I’ve always loved history, especially the history of Federal America, which roughly encompasses the period from 1776 and the start of the War for Independence through the first quarter of the 19th century. I think it’s because I grew up in New Jersey, which was one of the original Thirteen Colonies and is loaded with historic sites and artifacts, including buildings, battlegrounds and publications. History smells like home to me, and I’ve always liked to see the times captured with a certain degree of authenticity in print and film.

An early reader called The Scattered Proud “an American Jane Eyre.” I’ve never denied that my retiring, unpretty narrator and her name, Janet, are deliberate echoes of Bronte’s heroine. But there, I think, the similarity ends. When I set out writing the story that became The Scattered Proud, I wanted to tell the kind of tale that I had grown up reading and that people didn’t tell any more. I wanted to write something that recalled the classics. And I wanted to touch upon a subject that few people knew about. As it turns out, I touched upon several subjects, some of which reach beyond the eight years covered in the book.

I think it helped that when I thought of the story that would become The Scattered Proud, I was working with the French and living in New York, and everyone was getting ready to celebrate the Bicentennial of the French Revolution. I also had access to some terrific research materials at the New York Public Library, including bound volumes of the Moniteur Universel, the French national newspaper during the Revolution, and original maps of Paris. I would spend hours in the main reading room, poring over those papers, reading transcripts from sessions of the two legislative houses, the Council of 500 and the smaller Council of Ancients, as well as adverts for things like operas and horse shows.

While all this added layers of small details to my understanding of the daily life of people in the later years of the Revolution, I learned, too, of the extent of the massive dechristianization of the country.
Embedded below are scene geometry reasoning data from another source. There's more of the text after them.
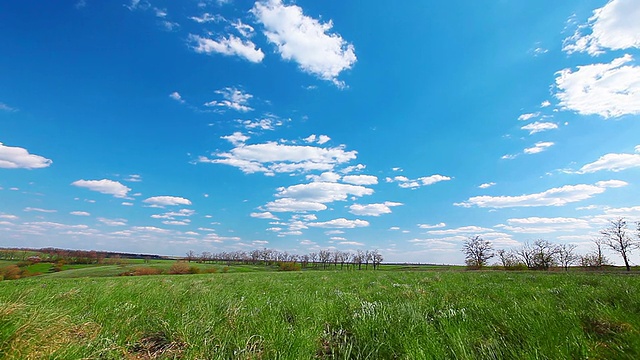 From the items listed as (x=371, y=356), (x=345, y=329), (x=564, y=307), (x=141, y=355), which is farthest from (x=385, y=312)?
(x=141, y=355)

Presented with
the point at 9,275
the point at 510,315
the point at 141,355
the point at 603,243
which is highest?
the point at 603,243

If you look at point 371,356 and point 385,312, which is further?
point 385,312

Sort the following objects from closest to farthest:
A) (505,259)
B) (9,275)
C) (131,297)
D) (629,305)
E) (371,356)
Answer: (371,356) < (629,305) < (131,297) < (9,275) < (505,259)

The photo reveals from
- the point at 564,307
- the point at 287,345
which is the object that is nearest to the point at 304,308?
the point at 287,345

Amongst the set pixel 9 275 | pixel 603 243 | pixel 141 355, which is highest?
pixel 603 243

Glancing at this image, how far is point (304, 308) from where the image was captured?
4965 millimetres

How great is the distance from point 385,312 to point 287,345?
6.74ft

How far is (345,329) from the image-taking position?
158 inches

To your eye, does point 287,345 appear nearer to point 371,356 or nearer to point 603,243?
point 371,356

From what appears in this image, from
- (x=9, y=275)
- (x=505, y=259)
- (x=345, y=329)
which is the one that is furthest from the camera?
(x=505, y=259)

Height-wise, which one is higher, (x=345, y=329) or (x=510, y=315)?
(x=510, y=315)

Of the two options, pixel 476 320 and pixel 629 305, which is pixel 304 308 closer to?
pixel 476 320

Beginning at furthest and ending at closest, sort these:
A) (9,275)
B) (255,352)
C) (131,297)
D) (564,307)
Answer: (9,275) < (131,297) < (564,307) < (255,352)

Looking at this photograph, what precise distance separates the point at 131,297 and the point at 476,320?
19.0ft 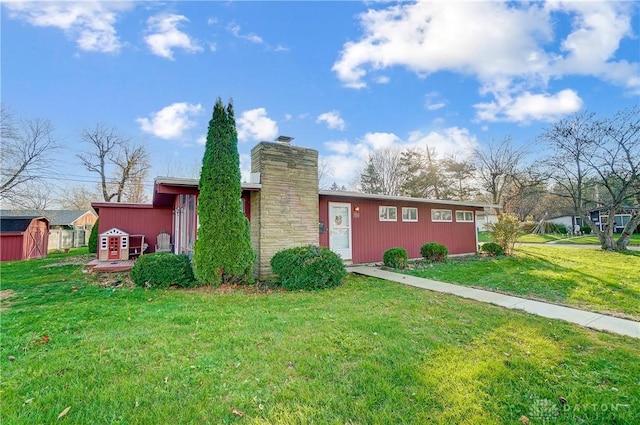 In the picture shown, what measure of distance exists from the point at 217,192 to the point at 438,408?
557cm

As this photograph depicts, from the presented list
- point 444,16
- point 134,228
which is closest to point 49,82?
point 134,228

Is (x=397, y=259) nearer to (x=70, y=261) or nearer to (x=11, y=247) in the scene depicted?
(x=70, y=261)

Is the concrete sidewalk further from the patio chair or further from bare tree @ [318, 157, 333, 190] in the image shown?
bare tree @ [318, 157, 333, 190]

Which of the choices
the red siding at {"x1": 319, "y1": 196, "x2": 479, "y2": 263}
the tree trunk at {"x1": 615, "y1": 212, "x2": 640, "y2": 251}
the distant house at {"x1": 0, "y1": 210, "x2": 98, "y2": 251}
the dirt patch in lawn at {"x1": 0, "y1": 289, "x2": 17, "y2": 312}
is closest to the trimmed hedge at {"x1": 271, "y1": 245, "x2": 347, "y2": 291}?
the red siding at {"x1": 319, "y1": 196, "x2": 479, "y2": 263}

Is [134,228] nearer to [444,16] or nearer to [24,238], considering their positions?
[24,238]

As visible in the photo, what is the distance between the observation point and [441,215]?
13016 mm

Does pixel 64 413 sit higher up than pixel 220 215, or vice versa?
pixel 220 215

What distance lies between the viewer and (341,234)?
10.1 meters

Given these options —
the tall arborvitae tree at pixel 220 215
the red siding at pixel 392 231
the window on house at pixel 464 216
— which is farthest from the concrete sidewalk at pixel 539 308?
the window on house at pixel 464 216

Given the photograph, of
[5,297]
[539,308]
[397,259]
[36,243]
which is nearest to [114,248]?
[5,297]

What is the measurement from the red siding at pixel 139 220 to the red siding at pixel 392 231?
8.25 m

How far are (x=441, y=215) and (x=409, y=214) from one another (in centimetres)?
207

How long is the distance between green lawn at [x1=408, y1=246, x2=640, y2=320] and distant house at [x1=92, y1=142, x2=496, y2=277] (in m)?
2.32

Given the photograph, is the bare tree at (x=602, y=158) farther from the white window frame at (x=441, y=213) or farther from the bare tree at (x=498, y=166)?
the white window frame at (x=441, y=213) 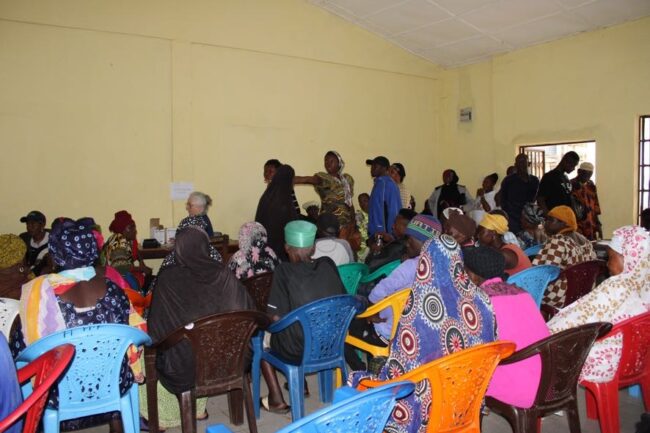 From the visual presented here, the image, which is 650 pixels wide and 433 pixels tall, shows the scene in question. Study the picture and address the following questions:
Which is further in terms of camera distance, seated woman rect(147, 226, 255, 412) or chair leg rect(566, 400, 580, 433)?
seated woman rect(147, 226, 255, 412)

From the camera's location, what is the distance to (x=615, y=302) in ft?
8.79

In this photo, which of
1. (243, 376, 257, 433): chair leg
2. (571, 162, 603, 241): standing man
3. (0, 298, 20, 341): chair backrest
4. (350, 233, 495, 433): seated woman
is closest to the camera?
(350, 233, 495, 433): seated woman

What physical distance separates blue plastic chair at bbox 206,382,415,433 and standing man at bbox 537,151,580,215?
18.3ft

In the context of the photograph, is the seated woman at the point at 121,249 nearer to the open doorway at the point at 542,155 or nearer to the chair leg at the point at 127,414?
the chair leg at the point at 127,414

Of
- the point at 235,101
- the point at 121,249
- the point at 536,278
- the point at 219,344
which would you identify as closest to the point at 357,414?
the point at 219,344

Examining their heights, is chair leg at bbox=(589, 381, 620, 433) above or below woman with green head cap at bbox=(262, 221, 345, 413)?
below

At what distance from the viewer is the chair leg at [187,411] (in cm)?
274

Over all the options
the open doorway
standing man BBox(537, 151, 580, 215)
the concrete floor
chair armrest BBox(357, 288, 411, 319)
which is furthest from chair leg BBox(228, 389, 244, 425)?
the open doorway

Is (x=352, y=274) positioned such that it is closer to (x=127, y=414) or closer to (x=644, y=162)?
(x=127, y=414)

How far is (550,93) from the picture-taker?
27.6 feet

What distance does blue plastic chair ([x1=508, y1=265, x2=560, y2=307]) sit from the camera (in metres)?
3.55

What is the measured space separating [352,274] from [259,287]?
2.53ft

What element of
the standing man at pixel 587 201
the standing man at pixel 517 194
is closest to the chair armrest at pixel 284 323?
the standing man at pixel 587 201

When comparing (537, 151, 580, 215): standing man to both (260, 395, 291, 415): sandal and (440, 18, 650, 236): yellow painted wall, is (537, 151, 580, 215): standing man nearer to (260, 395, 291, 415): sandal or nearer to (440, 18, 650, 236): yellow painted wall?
(440, 18, 650, 236): yellow painted wall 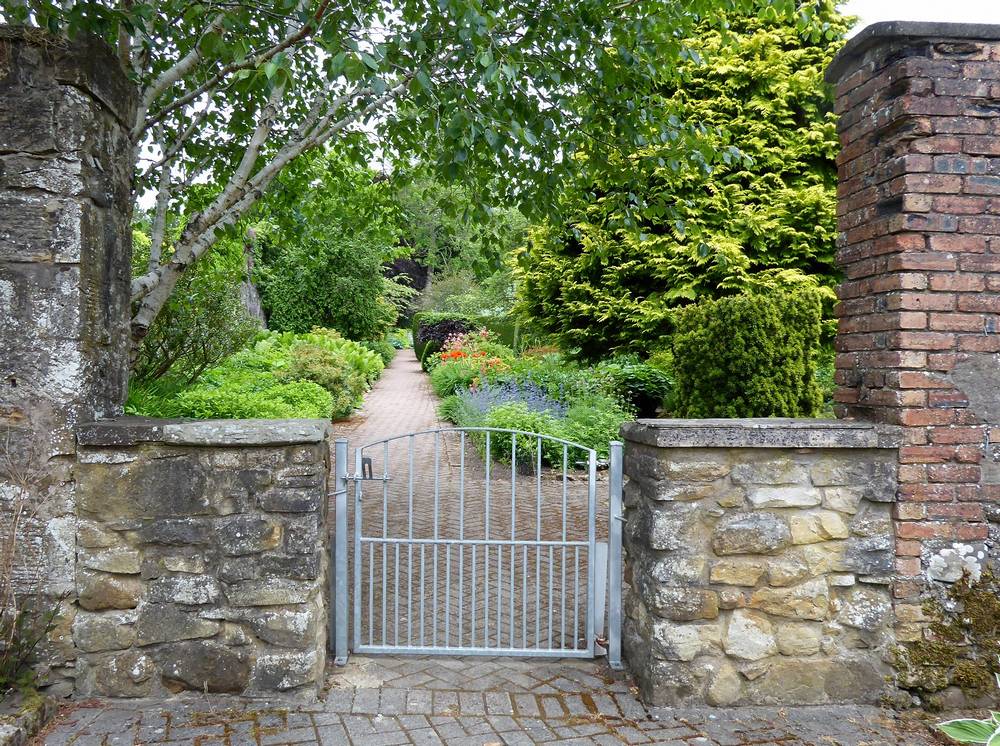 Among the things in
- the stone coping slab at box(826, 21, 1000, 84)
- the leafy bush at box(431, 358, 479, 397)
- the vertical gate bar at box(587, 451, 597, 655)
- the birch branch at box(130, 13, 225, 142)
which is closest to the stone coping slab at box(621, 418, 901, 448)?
the vertical gate bar at box(587, 451, 597, 655)

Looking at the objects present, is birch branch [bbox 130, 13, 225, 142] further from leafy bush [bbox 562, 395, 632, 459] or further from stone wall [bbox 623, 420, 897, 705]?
leafy bush [bbox 562, 395, 632, 459]

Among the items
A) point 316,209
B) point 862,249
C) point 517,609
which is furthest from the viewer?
point 316,209

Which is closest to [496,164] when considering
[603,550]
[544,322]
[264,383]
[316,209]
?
[316,209]

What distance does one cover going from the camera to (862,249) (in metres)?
3.35

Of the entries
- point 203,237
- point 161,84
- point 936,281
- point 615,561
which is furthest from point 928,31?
point 203,237

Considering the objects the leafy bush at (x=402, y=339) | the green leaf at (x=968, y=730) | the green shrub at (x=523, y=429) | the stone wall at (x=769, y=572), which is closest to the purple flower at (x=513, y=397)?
the green shrub at (x=523, y=429)

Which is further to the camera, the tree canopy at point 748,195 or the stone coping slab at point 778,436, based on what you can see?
the tree canopy at point 748,195

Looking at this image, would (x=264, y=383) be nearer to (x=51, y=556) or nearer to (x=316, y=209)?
(x=316, y=209)

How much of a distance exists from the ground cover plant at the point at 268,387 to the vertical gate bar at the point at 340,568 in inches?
120

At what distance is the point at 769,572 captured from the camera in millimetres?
3197

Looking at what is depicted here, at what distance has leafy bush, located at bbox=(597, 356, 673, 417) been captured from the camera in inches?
394

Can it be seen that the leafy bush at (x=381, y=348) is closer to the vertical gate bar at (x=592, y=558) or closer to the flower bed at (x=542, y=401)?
the flower bed at (x=542, y=401)

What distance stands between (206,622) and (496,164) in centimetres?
363

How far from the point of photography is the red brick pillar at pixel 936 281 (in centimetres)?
307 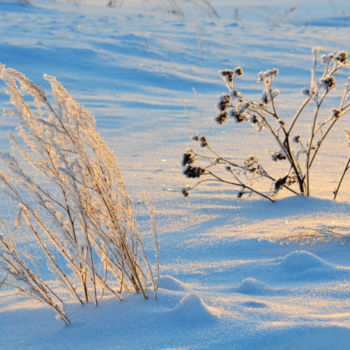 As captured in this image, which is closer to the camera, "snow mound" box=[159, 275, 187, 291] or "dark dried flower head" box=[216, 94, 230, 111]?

The French revolutionaries viewed the Roman Catholic Church as an evil tool of the aristocracy as well as its breeding ground. Crushing the Church was as essential as executing King Louis XVI and his family. The dechristianization was a methodical eradication that saw the closing or razing of churches, convents and monasteries, and the changing of the calendar to rid the week of Sunday. Clergy who refused to abandon their orders and swear allegiance to the new government and its bizarre, atheistic cult of Wisdom were prosecuted and executed.

To my surprise, the persecution of the clergy continued into the later years of the 1790s. When Janet joins the Episcopal Church’s secret mission in Paris in 1798, it still is a crime to be Christian and to practice a Christian religion in public. Though Kit DeWaere, the mission’s young vicar, is a Protestant, he’s still a Christian and risks arrest if he’s caught ministering in public, especially since he runs around Paris with a small Book of Common Prayer hidden in the tails of his Directory coat. Add to this the fact that France and America were engaged in the Quasi War, a naval war over shipping in the Caribbean, and the 1798 was a pretty dreadful time to be American or Christian in France.

Now speaking of coattails: I’d grown up reading War and Peace, watching period movies that featured Men in Breeches, and eyed many a piece of historical clothing at the Metropolitan Museum of Art, but I never realized those tails could hold pockets until watching a performance by the Spanish Riding School at Madison Square Garden in the early 1980s. The riders rewarded their horses for doing complex steps with treats that they carried in pockets sewn into the underside of their coattails.

Sometimes the realities of history are delightfully closer than we think.